The Internal Revenue Service (IRS) requires that you begin receiving required minimum distributions (RMD) in the year you reach age 70½.
That sounds simple enough, but, unfortunately, calculating these distributions is not always easy, as there are a number of factors to consider. While a tax professional can certainly help you with this, it’s a good idea to get to know the requirements that must be met in order to avoid IRS penalties. Here’s a look at some of the key rules that affect RMD calculations.
1. RMD Sums Not Rollover Eligible
Amounts representing RMDs must not be rolled over to an individual retirement account (IRA) or other eligible retirement plan and cannot be converted to a Roth IRA. If you roll over or convert your RMD, it will be treated as an excess contribution that must be removed from the account by a certain time in order to avoid taxes and penalties.
The first distribution from your IRA for any year an RMD is due is considered to be part of your RMD for that year and is therefore not rollover eligible. “Be careful if you decide to roll an IRA over after the age of 70½. Take your distribution first!” says Patrick Traverse, founder of MoneyCoach, located in the suburbs of Charleston, S.C.
Mary reached age 70½ in 2018. Her RMD for 2018 is $15,000. As 2018 is the first RMD year for Mary, she may wait until April 1, 2019, to distribute her RMD for 2018. During 2018 Mary received a distribution of $7,000 from her IRA. Even though Mary is not required to take her 2018 RMD until April 1, 2019, the amount she received in 2018 cannot be rolled over, as it is attributed to her RMD for 2018.
The rule is that any amount distributed during a year for which an RMD is due is considered to be part of the RMD until the full RMD amount has been distributed. If Mary had taken a distribution of $17,000, the amount that is in excess of the RMD amount ($2,000) would be rollover eligible, because the RMD for the year would already have been satisfied.

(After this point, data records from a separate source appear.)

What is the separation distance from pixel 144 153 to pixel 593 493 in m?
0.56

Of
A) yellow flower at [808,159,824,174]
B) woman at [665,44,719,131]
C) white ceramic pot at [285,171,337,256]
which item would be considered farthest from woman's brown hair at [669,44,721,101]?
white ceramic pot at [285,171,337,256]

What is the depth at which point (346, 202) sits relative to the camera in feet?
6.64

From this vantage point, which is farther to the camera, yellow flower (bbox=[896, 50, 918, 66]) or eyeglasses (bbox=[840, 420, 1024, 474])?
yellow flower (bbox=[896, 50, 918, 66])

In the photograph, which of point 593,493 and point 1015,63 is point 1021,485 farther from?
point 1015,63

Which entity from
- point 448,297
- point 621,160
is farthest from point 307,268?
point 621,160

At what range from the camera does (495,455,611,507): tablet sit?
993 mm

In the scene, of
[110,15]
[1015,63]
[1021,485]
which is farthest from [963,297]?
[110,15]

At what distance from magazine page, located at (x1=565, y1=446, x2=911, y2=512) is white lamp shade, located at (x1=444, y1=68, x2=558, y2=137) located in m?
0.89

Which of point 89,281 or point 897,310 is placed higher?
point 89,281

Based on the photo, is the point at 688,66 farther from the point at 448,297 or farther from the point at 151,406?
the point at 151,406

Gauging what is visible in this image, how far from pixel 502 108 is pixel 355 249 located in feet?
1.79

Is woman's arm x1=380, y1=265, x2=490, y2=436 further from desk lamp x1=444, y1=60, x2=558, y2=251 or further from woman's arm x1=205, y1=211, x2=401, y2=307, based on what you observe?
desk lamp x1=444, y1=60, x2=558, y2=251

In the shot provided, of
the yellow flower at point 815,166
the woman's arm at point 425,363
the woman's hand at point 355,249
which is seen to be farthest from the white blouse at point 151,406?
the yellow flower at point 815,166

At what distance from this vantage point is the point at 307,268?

If you were married as of January 1, you are treated as married for the whole year in terms of RMD calculation, even if your spouse dies or the two of you divorce before the year is out.
2: Aggregation of RMDs
If you participate in more than one qualified plan, your RMD for each plan must be determined separately, and each applicable amount must be distributed from the respective plan. RMD amounts for qualified plans cannot be distributed from IRAs and vice versa. However, if you own multiple IRAs or multiple 403(b) amounts, you may aggregate the RMD for all similar plans (traditional IRAs or 403(b)s) and then take the amount from one account of each type of plan.
Sam, a 75-year-old retiree, has two traditional IRAs and two 403(b) accounts. Sam also has assets in a profit-sharing plan and a 401(k) plan with past employers. The RMD amount for each of Sam’s retirement accounts is the following:
- IRA No. 1 – $15,000
- IRA No. 2 – $8,000
- 403(b) No. 1 – $6,000
- 403(b) No. 2 – $4,500
- Profit-sharing plan account – $10,000
- 401(k) account – $12,000
Here are Sam’s options for his various accounts:
- For IRA No. 1 and IRA No. 2, Sam may either distribute each amount from each IRA account, total the amounts and distribute it from one IRA, or take any portion of the combined amounts from one of the IRA accounts.

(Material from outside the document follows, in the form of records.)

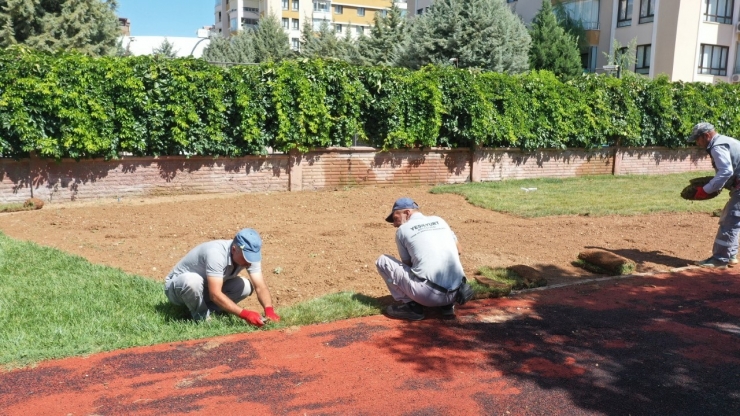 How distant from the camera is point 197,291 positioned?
5.46 meters

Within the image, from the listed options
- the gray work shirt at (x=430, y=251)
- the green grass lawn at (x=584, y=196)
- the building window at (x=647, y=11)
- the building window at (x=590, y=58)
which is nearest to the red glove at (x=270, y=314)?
the gray work shirt at (x=430, y=251)

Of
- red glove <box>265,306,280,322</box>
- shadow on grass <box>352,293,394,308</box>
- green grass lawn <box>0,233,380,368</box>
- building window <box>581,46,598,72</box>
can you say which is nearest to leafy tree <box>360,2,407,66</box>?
building window <box>581,46,598,72</box>

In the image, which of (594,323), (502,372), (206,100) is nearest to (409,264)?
(502,372)

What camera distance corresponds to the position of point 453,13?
26.2 meters

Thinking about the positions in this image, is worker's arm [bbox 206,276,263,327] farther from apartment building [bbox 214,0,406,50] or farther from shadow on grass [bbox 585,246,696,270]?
apartment building [bbox 214,0,406,50]

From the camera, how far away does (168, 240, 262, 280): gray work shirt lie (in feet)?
17.6

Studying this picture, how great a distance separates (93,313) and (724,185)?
7.62 meters

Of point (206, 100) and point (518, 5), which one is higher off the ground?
point (518, 5)

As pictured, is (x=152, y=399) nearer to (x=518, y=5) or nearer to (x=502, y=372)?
(x=502, y=372)

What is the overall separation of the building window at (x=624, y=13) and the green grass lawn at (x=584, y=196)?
1958 cm

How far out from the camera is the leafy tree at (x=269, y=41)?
44281mm

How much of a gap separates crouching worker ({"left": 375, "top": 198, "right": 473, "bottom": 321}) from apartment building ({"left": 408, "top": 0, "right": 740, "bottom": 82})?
1136 inches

- For 403(b) No. 1 and 403(b) No. 2, Sam may either distribute the amount from each 403(b) account, total the amount and distribute it from one 403(b) account, or take any portion of the combined amounts from one of the 403(b) accounts.

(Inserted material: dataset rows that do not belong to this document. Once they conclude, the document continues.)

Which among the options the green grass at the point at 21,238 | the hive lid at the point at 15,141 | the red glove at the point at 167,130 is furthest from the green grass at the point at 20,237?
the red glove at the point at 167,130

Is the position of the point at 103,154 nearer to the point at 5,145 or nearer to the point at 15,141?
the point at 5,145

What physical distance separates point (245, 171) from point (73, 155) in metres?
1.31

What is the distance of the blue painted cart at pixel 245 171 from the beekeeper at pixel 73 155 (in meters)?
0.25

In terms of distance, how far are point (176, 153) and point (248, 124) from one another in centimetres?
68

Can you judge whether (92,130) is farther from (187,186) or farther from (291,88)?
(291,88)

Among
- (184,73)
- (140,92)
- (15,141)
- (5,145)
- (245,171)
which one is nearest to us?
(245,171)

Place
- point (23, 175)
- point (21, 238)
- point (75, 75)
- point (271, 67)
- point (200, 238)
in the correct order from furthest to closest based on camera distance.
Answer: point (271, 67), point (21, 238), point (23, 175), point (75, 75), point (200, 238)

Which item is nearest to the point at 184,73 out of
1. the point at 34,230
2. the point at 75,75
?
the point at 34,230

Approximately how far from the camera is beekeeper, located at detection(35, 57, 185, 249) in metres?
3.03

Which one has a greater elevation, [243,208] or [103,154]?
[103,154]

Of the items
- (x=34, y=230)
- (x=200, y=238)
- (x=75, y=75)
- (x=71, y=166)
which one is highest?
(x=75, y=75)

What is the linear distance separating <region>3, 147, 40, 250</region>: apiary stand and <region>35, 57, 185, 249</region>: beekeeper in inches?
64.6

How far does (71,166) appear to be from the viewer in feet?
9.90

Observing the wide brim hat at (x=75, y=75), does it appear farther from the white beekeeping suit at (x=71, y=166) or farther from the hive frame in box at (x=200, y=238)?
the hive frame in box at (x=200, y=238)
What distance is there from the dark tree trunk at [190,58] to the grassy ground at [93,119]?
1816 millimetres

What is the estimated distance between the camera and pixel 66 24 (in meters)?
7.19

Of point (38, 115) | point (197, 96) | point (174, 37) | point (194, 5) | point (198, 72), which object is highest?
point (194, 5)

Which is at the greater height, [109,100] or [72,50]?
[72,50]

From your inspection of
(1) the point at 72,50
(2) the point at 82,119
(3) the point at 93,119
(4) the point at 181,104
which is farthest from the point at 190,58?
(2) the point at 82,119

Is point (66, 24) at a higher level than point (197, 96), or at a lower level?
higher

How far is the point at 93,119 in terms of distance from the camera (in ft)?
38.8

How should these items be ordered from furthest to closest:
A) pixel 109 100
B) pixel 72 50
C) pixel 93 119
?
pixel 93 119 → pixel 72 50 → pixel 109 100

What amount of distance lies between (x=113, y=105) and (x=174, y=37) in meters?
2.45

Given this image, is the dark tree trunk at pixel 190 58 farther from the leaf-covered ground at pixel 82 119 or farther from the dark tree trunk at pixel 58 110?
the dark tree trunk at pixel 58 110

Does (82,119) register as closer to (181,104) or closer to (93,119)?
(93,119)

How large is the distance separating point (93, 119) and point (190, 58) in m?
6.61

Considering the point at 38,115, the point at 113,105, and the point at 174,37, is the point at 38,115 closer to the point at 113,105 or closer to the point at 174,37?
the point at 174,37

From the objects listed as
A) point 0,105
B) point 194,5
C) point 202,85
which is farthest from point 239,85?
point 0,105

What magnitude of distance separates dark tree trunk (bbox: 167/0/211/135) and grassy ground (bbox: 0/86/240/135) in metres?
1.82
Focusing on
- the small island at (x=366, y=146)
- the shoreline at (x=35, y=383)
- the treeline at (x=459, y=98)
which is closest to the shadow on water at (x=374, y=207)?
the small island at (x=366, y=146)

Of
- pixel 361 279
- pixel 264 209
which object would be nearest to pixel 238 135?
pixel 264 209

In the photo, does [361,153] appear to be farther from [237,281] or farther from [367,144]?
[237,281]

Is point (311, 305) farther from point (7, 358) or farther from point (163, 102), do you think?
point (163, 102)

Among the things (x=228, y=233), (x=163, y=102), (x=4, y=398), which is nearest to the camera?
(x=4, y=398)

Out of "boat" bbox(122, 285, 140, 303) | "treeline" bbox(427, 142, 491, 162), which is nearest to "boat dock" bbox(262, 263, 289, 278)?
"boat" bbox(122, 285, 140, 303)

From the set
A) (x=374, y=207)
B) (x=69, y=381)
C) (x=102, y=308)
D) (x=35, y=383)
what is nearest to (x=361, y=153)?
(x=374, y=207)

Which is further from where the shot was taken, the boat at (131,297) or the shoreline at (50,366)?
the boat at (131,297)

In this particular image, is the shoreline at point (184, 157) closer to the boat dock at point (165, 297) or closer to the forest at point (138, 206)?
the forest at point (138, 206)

- The amount of $10,000 must be distributed from the profit-sharing plan account and the amount of $12,000 must be distributed from the 401(k) account. These amounts cannot be combined.
3. IRA Transfers in an RMD Year
You may transfer your entire IRA balance even if an RMD is due, provided you take the RMD from the receiving IRA by the applicable deadline. As the custodian of your new IRA may not know that the RMD associated with the old IRA is due, be sure you remember that it is and take it by the deadline. If you forget, you will be assessed a 50% penalty.
4. Death and Divorce and the RMD
If you were married on January 1 of the year for which the calculation is being done, you are, for RMD calculation purposes, treated as married for the entire year even if you divorce or your spouse dies later in that year. This means that if your spouse beneficiary is more than 10 years younger than you are, you may still use Table II in Appendix B of IRS Publication 590-B, which is titled “Joint Life and Last Survivor Expectancy.” Any new beneficiaries are taken into consideration for the following year’s calculation.
“Upon divorce, RMDs and retirement assets, in general, can become very tricky and can vary from state to state,” says Dan Stewart, CFA®, president of Revere Asset Management, Inc. in Dallas. “And community property states would have different rules than other states. So competent council is important, especially to avoid or minimize taxes.”
5. Family-Attribution Rule
An individual who owns more than 5% of a business is not allowed to delay beginning the RMD for a non-IRA retirement plan beyond April 1 of the year following the year he or she reaches age 70½, even if the individual is still employed. If you own more than 5% of a business and your spouse and/or children are employed by the same business, your ownership may be attributed to them. This means that they, too, may be considered owners and could be subject to the same deadline as you.
6. IRA Custodian Reporting
Each year the custodians/trustees of your traditional IRA, SEP IRA, or SIMPLE IRA must send you an RMD notification as long as they held your IRA on December 31 of the preceding year. This notification must be sent to you by January 31 of the year for which the RMD applies.
Some custodians will include a calculation of your RMD amount for the year, while others will inform you that an RMD is due and only offer to compute the amount upon your request.
The Bottom Line
If you know someone who has reached RMD age, be sure to tell him or her about the rules. Bear in mind that the rules discussed here are certainly not exhaustive. Individuals should check with their tax professionals to ensure that RMD calculations and distributions meet regulatory requirements.